### TASK INSTRUCTIONS
What you give back should be exactly the lines from the one with "Egg easter food" through the end of the data, without the pictures.

###

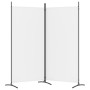 Biombo divisor de 2 paneles de tela blanco 175x180 cm de vidaXL, Divisores de ambientes - Ref: Foro24-350258, Precio: 32,56 €...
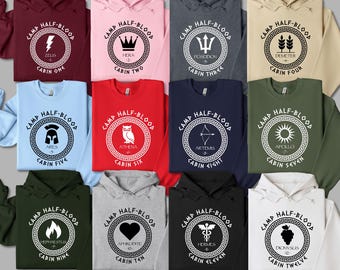 Camp Half-Blood Hoodie, Greek Mythology, Percy Jackson Fan
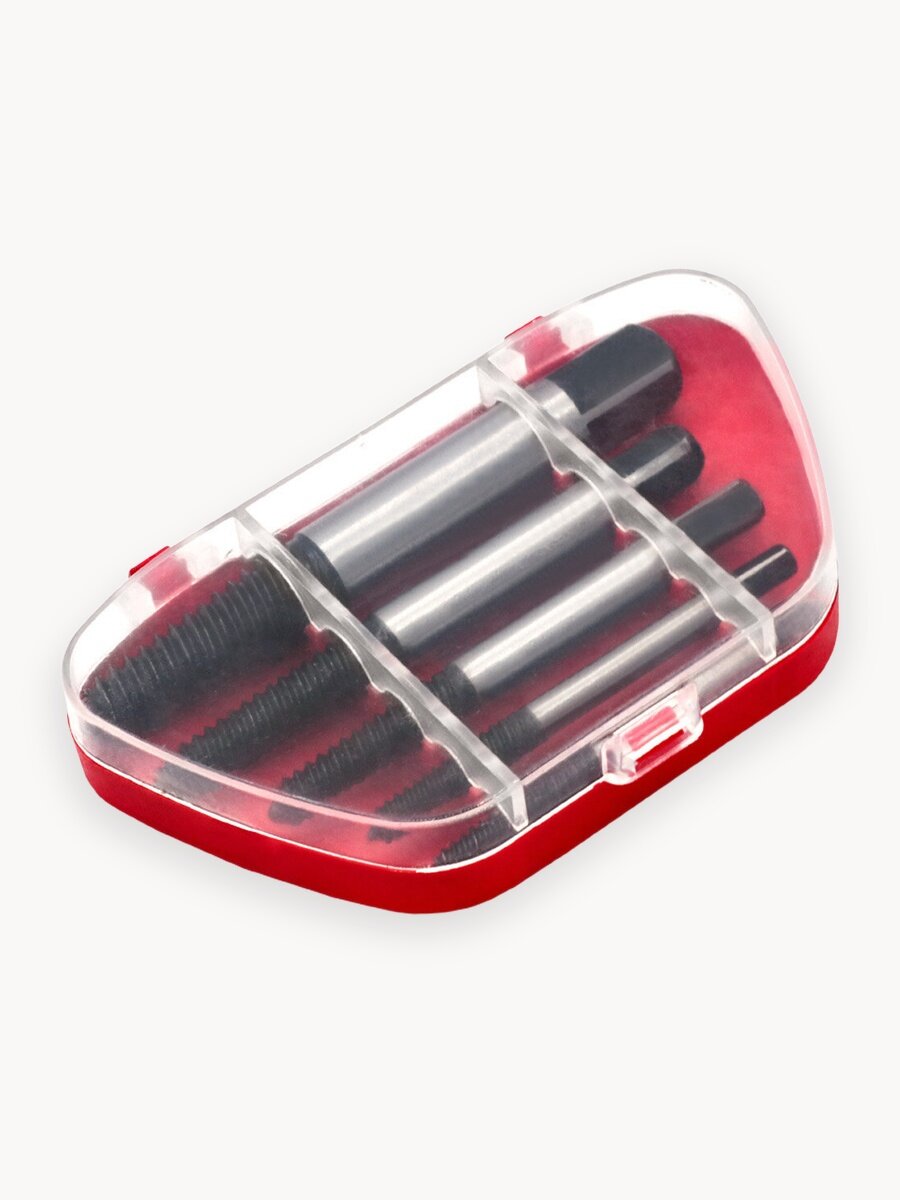 Набор экстракторов Boomshakalaka, для извлечения сорванных шурупов , саморезов , болтов, 5 предметов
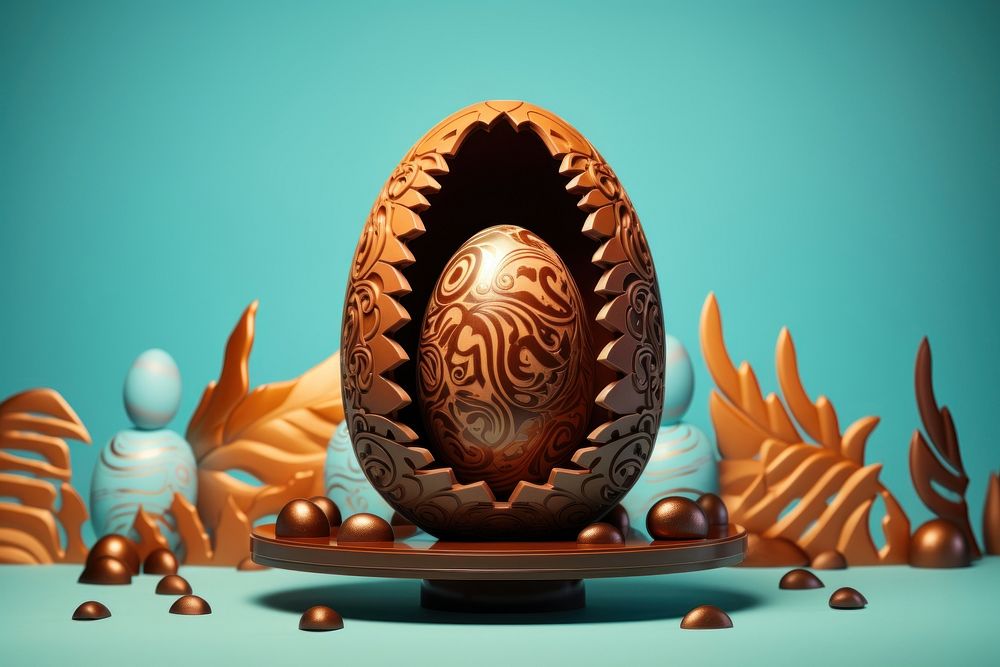 Egg easter food celebration. AI generated Image by rawpixel.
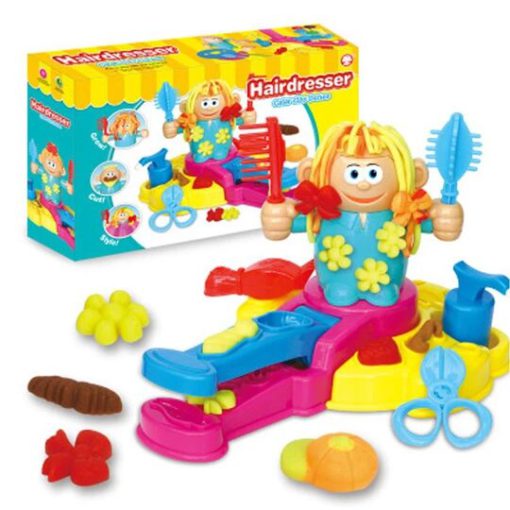 DIY hairdresser color clay children's toys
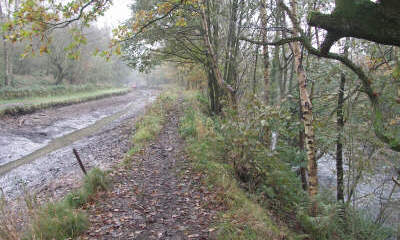 Work at Scout Embankment, Huddersfield Narrow Canal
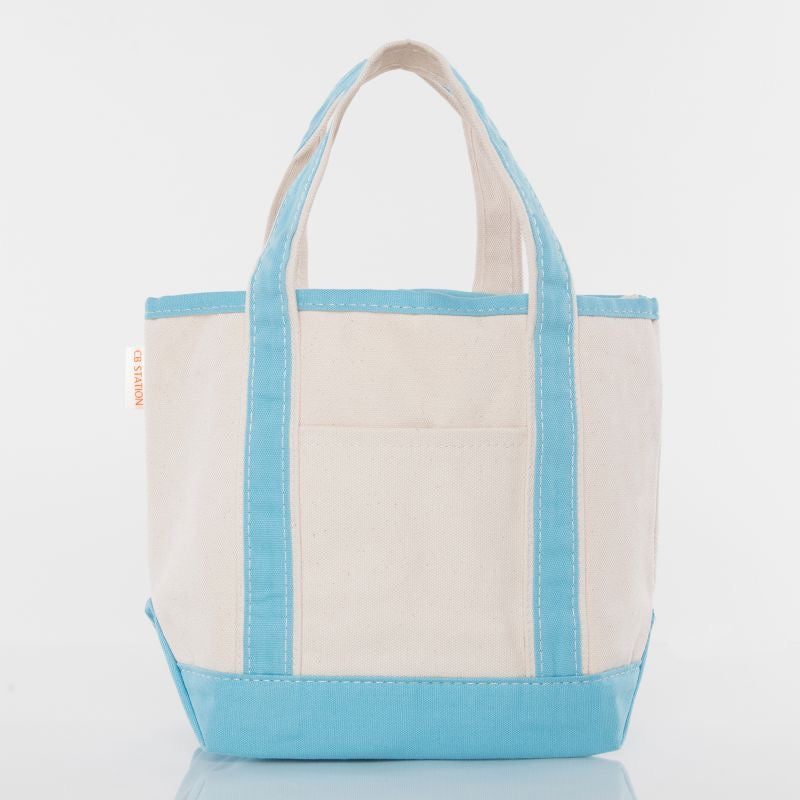Small Canvas Open Tote- Multiple Colors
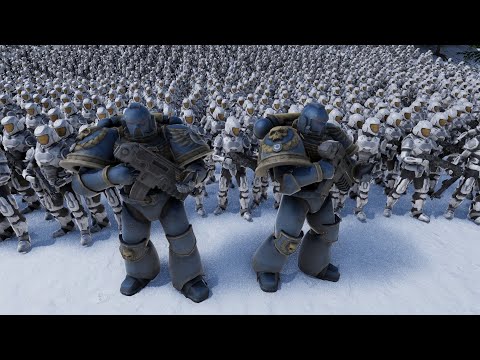 Can 100 Ultramarine & 2,000 Galactic Soldiers defend the Castle from 1.5 million Goblin UEBS 2 UEBS2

###

### OUTPUT
 Egg easter food celebration. AI generated Image by rawpixel.
 DIY hairdresser color clay children's toys
 Work at Scout Embankment, Huddersfield Narrow Canal
Small Canvas Open Tote- Multiple Colors
 Can 100 Ultramarine & 2,000 Galactic Soldiers defend the Castle from 1.5 million Goblin UEBS 2 UEBS2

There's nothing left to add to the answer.